Selain itu, konflik global juga berpotensi menghambat rantai pasok internasional (global supply chain), baik untuk barang jadi maupun barang antara (intermediate goods) yang menjadi input utama dalam proses produksi industri. Alhasil, dampak lanjutan dari gangguan rantai pasok tersebut ialah terganggunya aktivitas produksi di dalam negeri yang sangat bergantung pada ketersediaan bahan baku impor maupun komponen industri global.
Kala pasokan input produksi menjadi terbatas atau mengalami kenaikan harga yang signifikan, kapasitas produksi domestik dapat menurun dan biaya produksi meningkat. Kondisi ini pada akhirnya berpotensi menekan kinerja sektor industri serta memengaruhi pertumbuhan ekonomi nasional.
Secara umum, fundamental perekonomian Indonesia masih menunjukkan kondisi yang relatif stabil di tengah dinamika ekonomi global yang penuh ketidakpastian. Hal ini tercermin dari kinerja pertumbuhan ekonomi yang mencapai sekitar 5,11% pada tahun 2025 dan diproyeksikan tetap berada pada kisaran 5,3-5,4% pada tahun 2026. Artinya, stabilitas tersebut dapat menjadi modal penting bagi pemerintah dalam menjaga kesinambungan pembangunan dan pengelolaan keuangan negara.

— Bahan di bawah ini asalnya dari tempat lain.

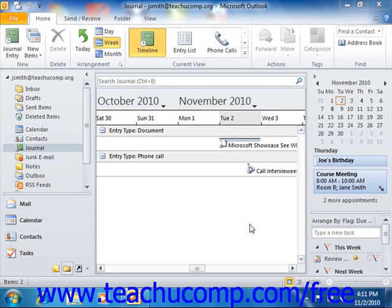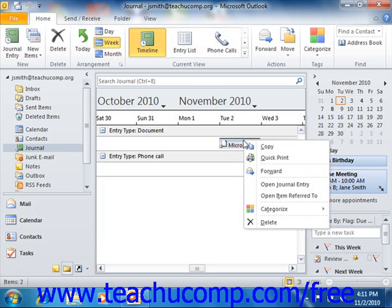When you set up the journal options, you set what behavior you want a double click to perform when you double click a journal entry. If you selected to have it open the journal entry, then you can just double click on the entries in the journal to open them. If, however, you chose to open the item associated with the journal entry, then to open just the entry, you can right click on the entry that you want to open, and then select the Open Journal Entry command from the pop-up menu that appears.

Sejalan dengan hal tersebut, penjagaan stabilitas pasar domestik menjadi agenda strategis dalam kebijakan ekonomi nasional. Pasar domestik yang kuat berperan sebagai penopang utama pertumbuhan ekonomi, terutama ketika permintaan eksternal mengalami pelemahan akibat perlambatan ekonomi global atau gangguan perdagangan internasional.
Oleh sebab itu, pemerintah perlu memastikan bahwa aktivitas ekonomi dalam negeri tetap berjalan secara stabil melalui penguatan konsumsi rumah tangga, keberlanjutan kegiatan produksi, serta perlindungan terhadap sektor-sektor yang memiliki keterkaitan luas dengan perekonomian nasional. Dalam konteks ini, kebijakan fiskal dan moneter harus diarahkan untuk menjaga stabilitas harga, meningkatkan kepercayaan pelaku usaha, serta memperkuat fondasi permintaan domestik.
Salah satu prasyarat utama dalam menjaga stabilitas pasar domestik adalah mempertahankan daya beli masyarakat, yang pada gilirannya sangat dipengaruhi oleh stabilitas pendapatan dan keberlanjutan kesempatan kerja. Sehingga, upaya untuk mencegah terjadinya gelombang Pemutusan Hubungan Kerja (PHK) menjadi sangat penting dalam menjaga stabilitas sosial dan ekonomi.
Pemerintah bersama pelaku usaha perlu mendorong berbagai kebijakan yang mendukung keberlangsungan kegiatan produksi dan investasi, termasuk melalui insentif fiskal, dukungan pembiayaan bagi sektor produktif, serta penguatan program perlindungan sosial bagi kelompok rentan. Dengan demikian, stabilitas pasar tenaga kerja dapat terjaga dan tekanan terhadap penurunan konsumsi rumah tangga dapat diminimalkan.